Ok, let's start with a simple manual activity...
With each hand, start by touching your thumb to your index finger. You will end up with the A-OK sign. Now, for both hands at the same time, switch to a thumb-middle finger connection. Next, switch to a thumb-ring finger connection, and finally, a thumb-pinky connection. You can now repeat this in reverse order going from your pinky back to your index finger.
This is a simple hand exercise that can be done with both hands simultaneously over and over again... forward from index to pinky back to the index back to the pinky, etc.
Now, for the much more challenging ambidextrous part. With your right hand start with the thumb-index finger connection. But, with your left hand start with the thumb-middle finger connection. In lock-step, both hands should work through the exercise described above quickly. With an offset of a single finger-step, it gets to be quite difficult. If you are able to do this just as quickly as you could do it when both hands were producing the same connections, then you're more ambidextrous than most.

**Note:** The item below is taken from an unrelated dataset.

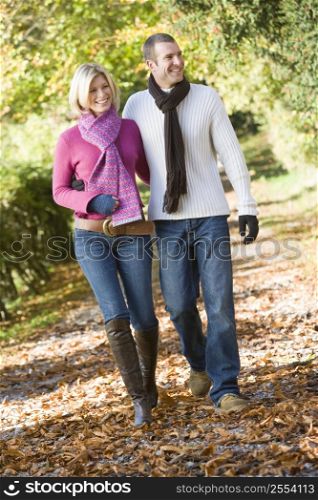 Couple walking outdoors on path in park smiling (selective focus)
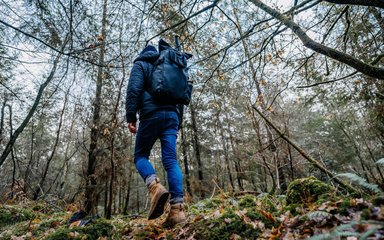 A man with his back to the camera, wearing walking boots, jeans, coat and hat, walking through the forest in winter.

Almost everyone I tested, including myself, had a lot of difficulty doing this. Most screw up at some point such that both hands showed the same connections. Give it a try. I assume that those with previous musical instrument training might find this test easier, which makes sense since the mastering of an instrument undoubtedly adds to ambidexterity.
1 comment:
I am going to make a test for total nutballishness: If you have ever come up with an ambidexterity test during a meeting, you pretty much pass the test.